From October 2016 to March 2017 the team is joined by Guest Kats Rosie Burbidge and Eibhlin Vardy, and by InternKats Verónica Rodríguez Arguijo, Tian Lu and Hayleigh Bosher.

Sunday, 22 November 2015

Munch ado about nothing? Oslo City Council seeks iconic registrations

Last Monday, in "Night Watch, Why Not? The art of trade mark application", this weblog hosted an amusing guest piece by Bas Kist on his firm's decision to apply to register the Rembrandt masterpiece "The Night Watch" as a Benelux trade mark. A further guest post, "Copyright term, authorship and moral rights: the intriguing tale of Anne Frank's Diary", by Mira T. Sundara Rajan, discussed the efforts made by the Anne Frank Foundation to retain control of Anne Frank's Diary. There is now a sequel that brings together the themes of trade mark registration and keeping control of works in which the copyright expires.  This comes from Thomas Hvammen Nicholson (Protector IP Consultants AS, Norway), who writes about the trade mark registrability, or otherwise, of some iconic artwork:

As you may be aware, there is a portfolio of pending trade mark applications fororks of art in Norway. The copyright terms for the works of the artist Edvard Munch [died 1944] and the sculptor Gustav Vigeland [died 1943] have recently expired.   Oslo Kommune (Oslo City Council), as a benefactor of both estates, would like to continue to control the use of their works. They have therefore filed more than 100 trade mark applications in Norway relating to the artists [to check them out, just search under applicant name “Oslo Kommune” on TMview]. Several of these applications have been extended to the EU, China and the US.

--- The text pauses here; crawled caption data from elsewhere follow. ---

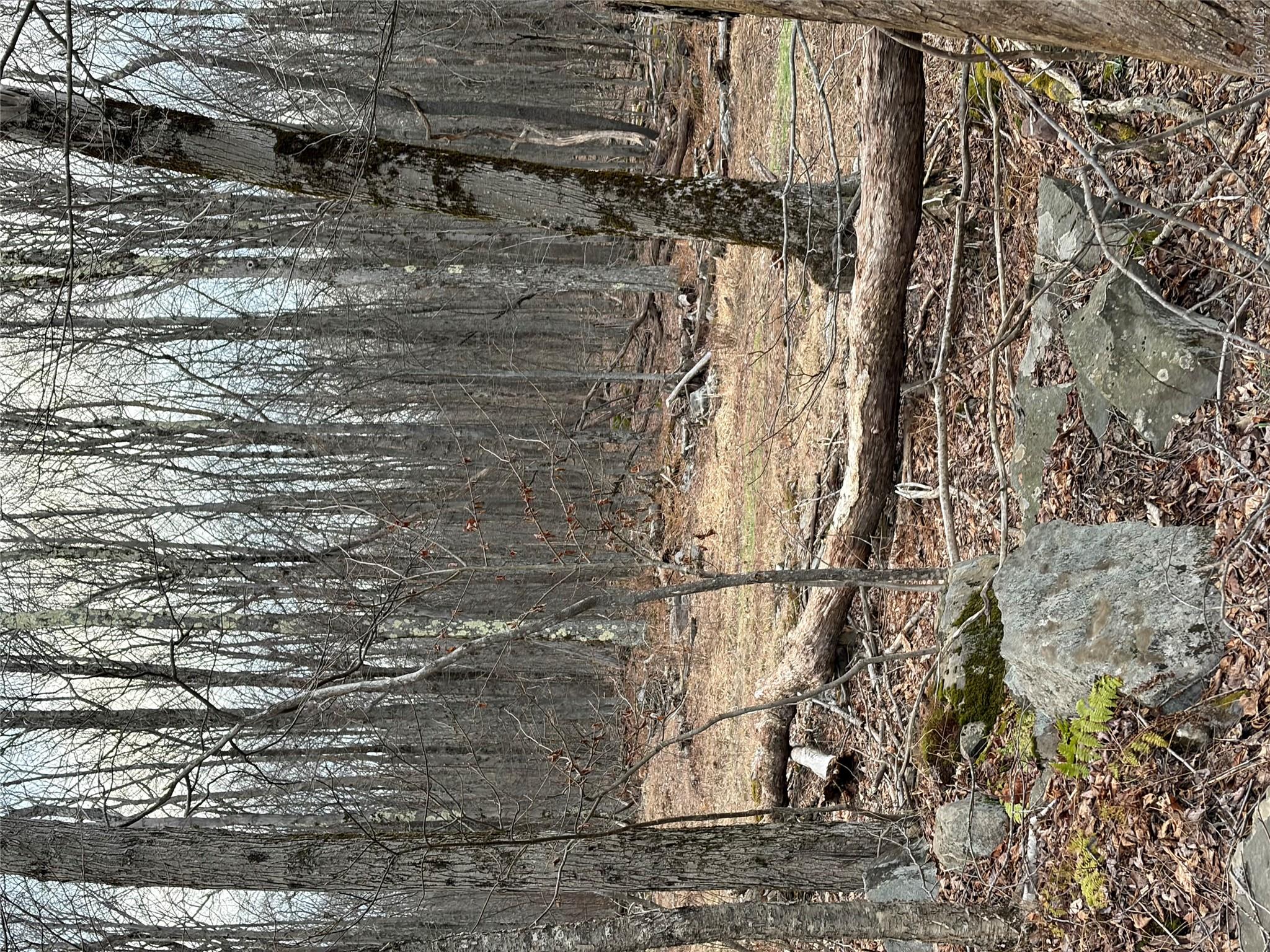 Fox Mountain Property Photo 5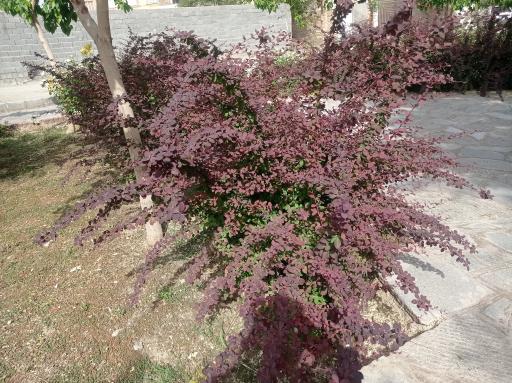 عکس بوستان خطی غنچه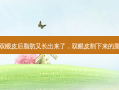 割双眼皮后脂肪又长出来了，双眼皮割下来的脂肪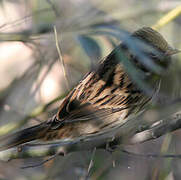 Black-faced Bunting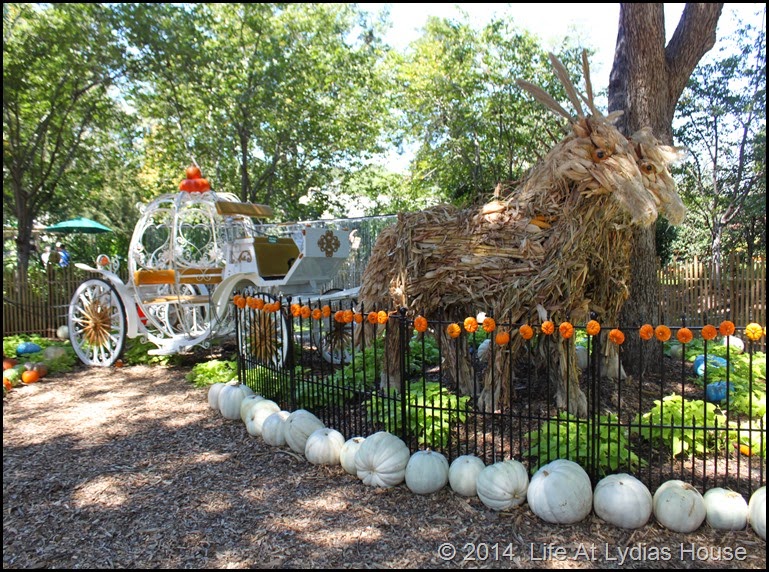 Dallas Arboretum - pumpkin festival-Cinderella's carriage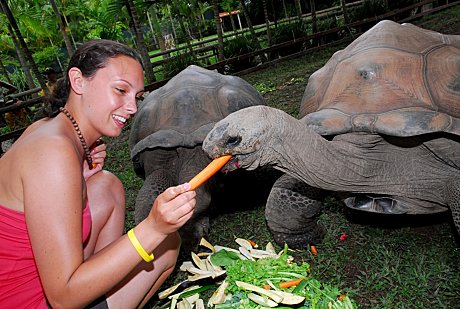 Meet an ancient tortoise ot two!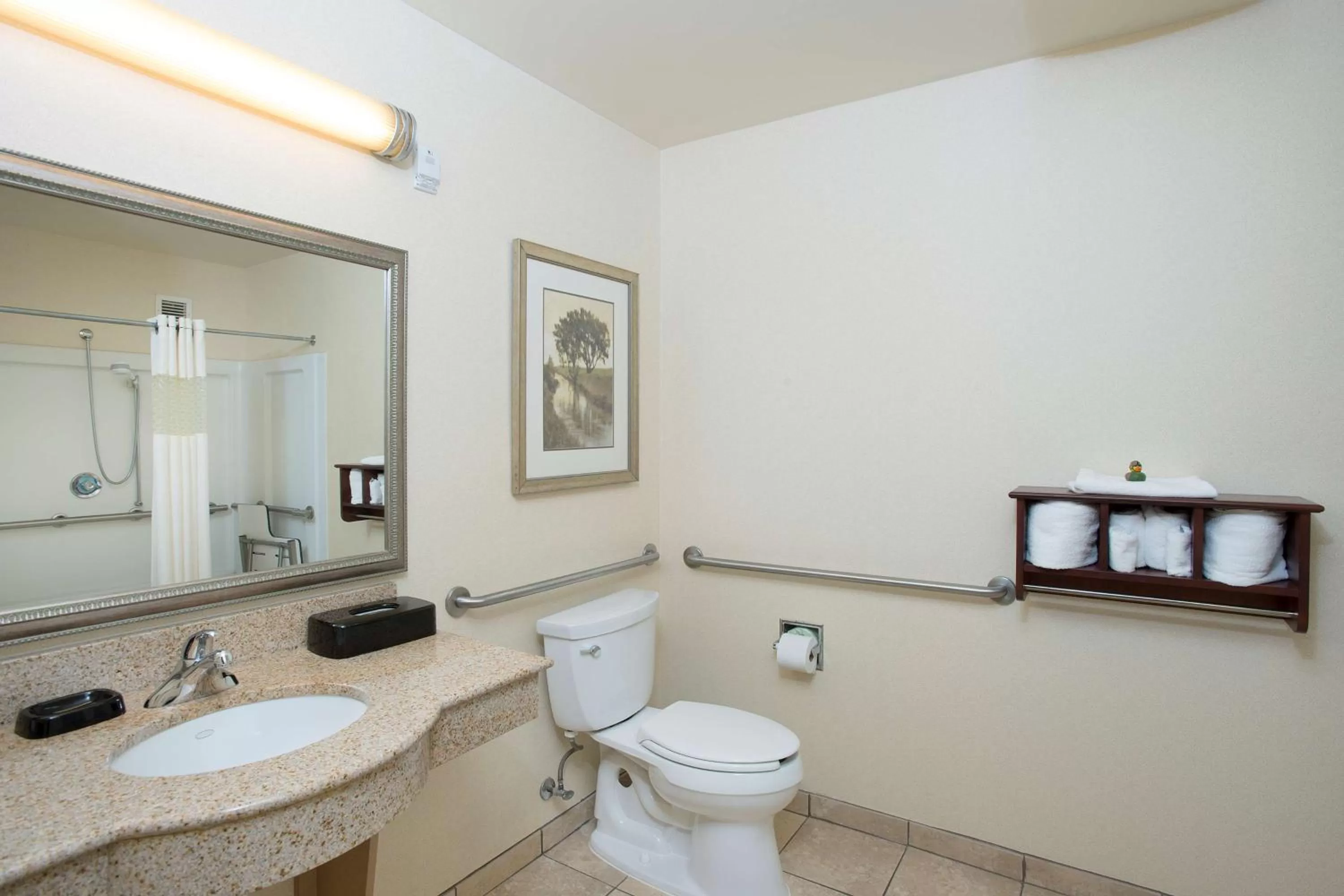 Bathroom in Hampton Inn & Suites Cincinnati-Union Centre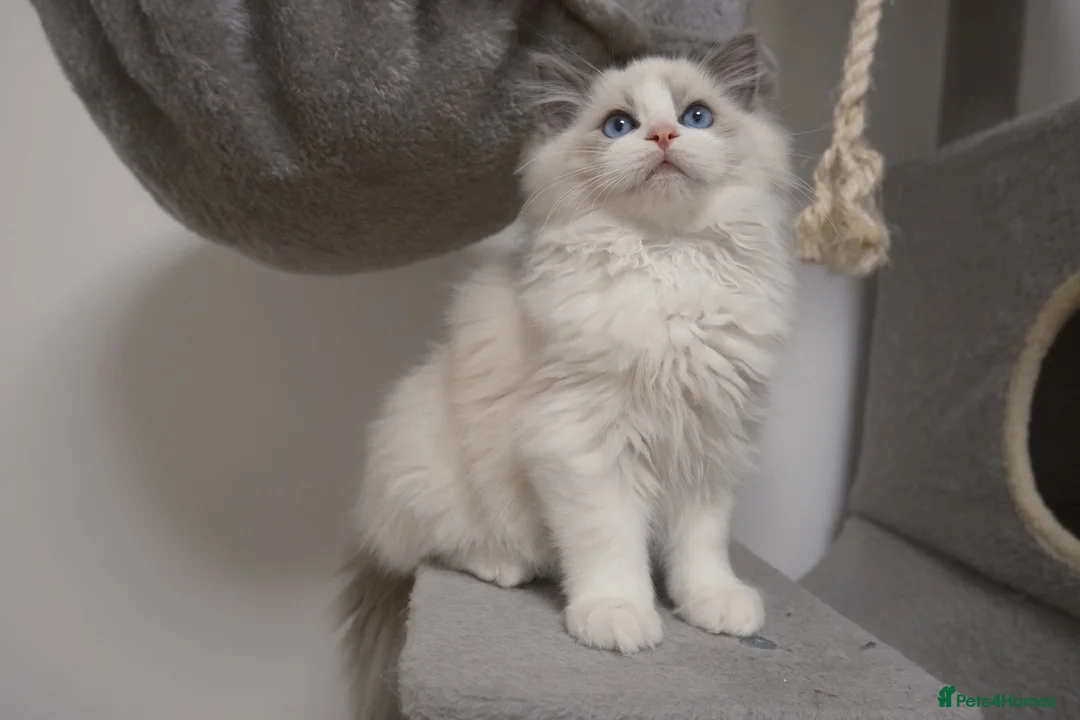 Ragdoll cats for sale: Champion Chunky Ragdoll Kittens-Famous R Bloodline - Advert 2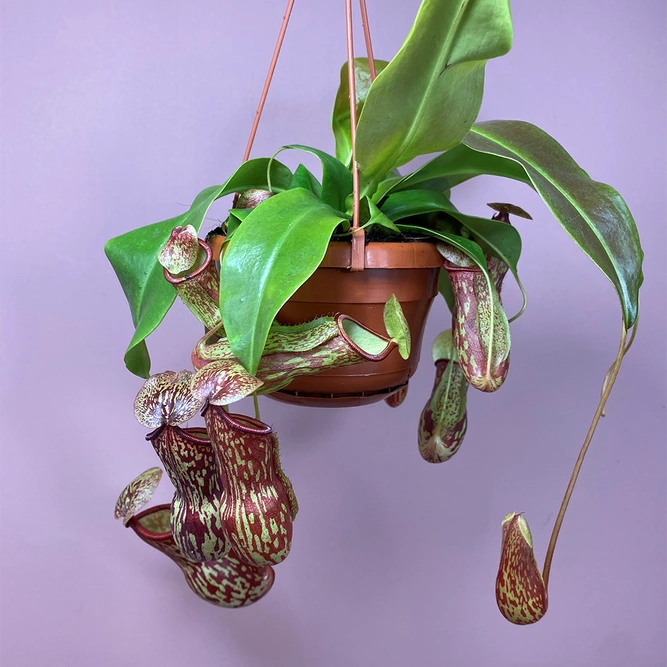 Nepenthes gaya (Pot Size 12cm) Monkey jars - image 2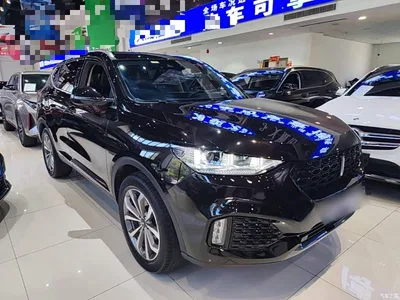 2018 WEY VV6 2.0T 2WD Super Luxury China V, фото 4, лот 10452320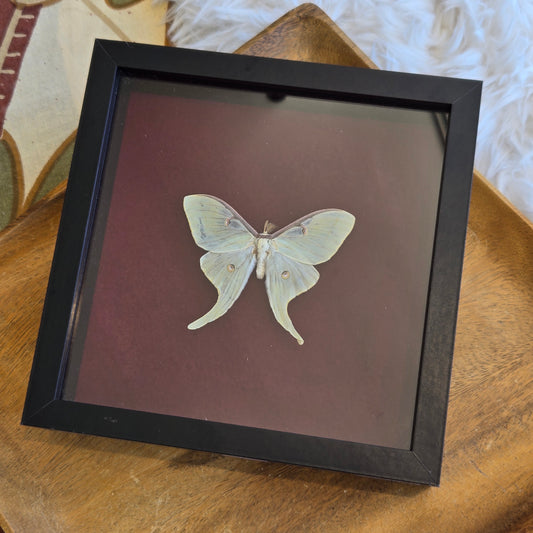 You Pick Framed Luna Moth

The applications consists of names, signatures, drawings, paintings and pictures of sculptures. It almost seems as if they have filed for the whole Vigeland sculpture park in Oslo.

So, how to examine these applications consistently? The Norwegian Intellectual Property Office decided to refuse seven applications, including depictions of the famous sculpture Sinnataggen (above, right), a layout of the Vigeland park and pictures of some of the gates in the park. Examination of the remaining applications has been suspended.

Some of the applications, including that relating to Munch’s Scream and Madonna and a picture of Vigeland’s sculptures Sinnataggen and Monolitten have been extended to the EU, US and China. The marks have been registered in OHIM, but not in the US (inter alia “ornamental refusal”) or in China (“the mark is likely to produce undesirable social consequence”!).

In Norway, all of the seven applications were refused on the basis of lack of distinctiveness. Further, the Norwegian IPO found that some of the marks were descriptive for jewellery in class 14 and monuments in class 19. They also found that for goods in classes 14 and 19, the mark merely consisted of a shape which confers substantial value on the goods. The applicant has appealed to the Boards of Appeal, who in turn are about to or have already taken the unusual step of referring the case to the EFTA Court for a preliminary judgment. The idea being that this is the EFTA equivalent of the CJEU I guess.  Unlike the CJEU, the EFTA has not previously dealt with many trade mark cases, and to my knowledge none regarding distinctiveness, so this could be quite interesting …
This Kat wonders why it was thought necessary to seek an opinion from the EFA Court, which basically applies the rulings of the Court of Justice of the European Union unless there is a gap in CJEU law that it being asked to plug.  Maybe the form of the questions put to the EFTA Court will contain some novelty. We look forward to learning more!